* _Work item_:
The answer must be every line of the records in which the string "chatting" appears.

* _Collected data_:
***

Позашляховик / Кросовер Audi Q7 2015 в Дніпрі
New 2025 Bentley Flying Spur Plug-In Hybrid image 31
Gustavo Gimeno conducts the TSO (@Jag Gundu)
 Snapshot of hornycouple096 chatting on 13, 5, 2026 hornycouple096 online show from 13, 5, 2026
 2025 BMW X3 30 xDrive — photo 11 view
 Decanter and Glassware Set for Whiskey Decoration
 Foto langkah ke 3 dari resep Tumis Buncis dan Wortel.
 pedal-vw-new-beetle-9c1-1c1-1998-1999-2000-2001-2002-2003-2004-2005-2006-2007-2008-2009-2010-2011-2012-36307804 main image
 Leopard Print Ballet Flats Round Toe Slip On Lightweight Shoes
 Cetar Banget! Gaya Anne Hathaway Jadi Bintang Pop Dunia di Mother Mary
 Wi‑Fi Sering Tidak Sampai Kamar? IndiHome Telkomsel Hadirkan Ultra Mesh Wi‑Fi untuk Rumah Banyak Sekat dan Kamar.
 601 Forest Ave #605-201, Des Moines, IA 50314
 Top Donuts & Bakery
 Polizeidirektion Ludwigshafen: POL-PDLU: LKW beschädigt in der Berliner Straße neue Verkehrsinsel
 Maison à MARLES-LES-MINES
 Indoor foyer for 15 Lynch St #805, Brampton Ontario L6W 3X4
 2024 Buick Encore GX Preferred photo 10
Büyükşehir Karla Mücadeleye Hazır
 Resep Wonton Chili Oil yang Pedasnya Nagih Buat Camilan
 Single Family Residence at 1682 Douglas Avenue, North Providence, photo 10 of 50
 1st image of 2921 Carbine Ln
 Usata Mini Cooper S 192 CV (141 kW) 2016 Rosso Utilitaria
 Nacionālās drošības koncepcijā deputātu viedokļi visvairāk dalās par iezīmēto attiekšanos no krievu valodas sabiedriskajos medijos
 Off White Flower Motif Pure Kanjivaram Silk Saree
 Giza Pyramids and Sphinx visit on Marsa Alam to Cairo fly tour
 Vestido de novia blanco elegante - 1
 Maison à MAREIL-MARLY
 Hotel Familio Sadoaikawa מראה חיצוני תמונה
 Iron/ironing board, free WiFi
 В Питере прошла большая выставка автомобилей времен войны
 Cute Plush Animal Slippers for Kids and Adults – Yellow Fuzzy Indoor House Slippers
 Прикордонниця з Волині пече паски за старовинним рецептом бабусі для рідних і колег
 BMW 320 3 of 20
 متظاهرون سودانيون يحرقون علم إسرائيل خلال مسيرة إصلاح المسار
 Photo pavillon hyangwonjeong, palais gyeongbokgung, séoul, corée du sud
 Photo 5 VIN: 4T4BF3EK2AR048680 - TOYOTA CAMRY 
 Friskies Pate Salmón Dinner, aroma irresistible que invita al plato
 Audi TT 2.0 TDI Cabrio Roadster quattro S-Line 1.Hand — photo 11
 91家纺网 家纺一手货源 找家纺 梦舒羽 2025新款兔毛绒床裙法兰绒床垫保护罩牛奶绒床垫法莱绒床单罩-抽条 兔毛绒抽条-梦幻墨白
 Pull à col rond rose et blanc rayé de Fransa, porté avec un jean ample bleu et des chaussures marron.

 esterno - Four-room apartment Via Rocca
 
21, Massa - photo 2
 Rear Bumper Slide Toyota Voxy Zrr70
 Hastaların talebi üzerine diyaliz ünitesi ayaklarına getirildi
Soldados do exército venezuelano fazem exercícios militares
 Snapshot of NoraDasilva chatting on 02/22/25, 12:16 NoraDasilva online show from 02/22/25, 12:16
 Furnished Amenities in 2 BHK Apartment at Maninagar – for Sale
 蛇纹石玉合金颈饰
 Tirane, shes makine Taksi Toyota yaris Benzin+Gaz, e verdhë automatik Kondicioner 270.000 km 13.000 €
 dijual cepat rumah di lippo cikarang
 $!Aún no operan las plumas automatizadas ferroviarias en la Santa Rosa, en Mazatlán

***

* _Task solution_:
 Snapshot of hornycouple096 chatting on 13, 5, 2026 hornycouple096 online show from 13, 5, 2026
 Snapshot of NoraDasilva chatting on 02/22/25, 12:16 NoraDasilva online show from 02/22/25, 12:16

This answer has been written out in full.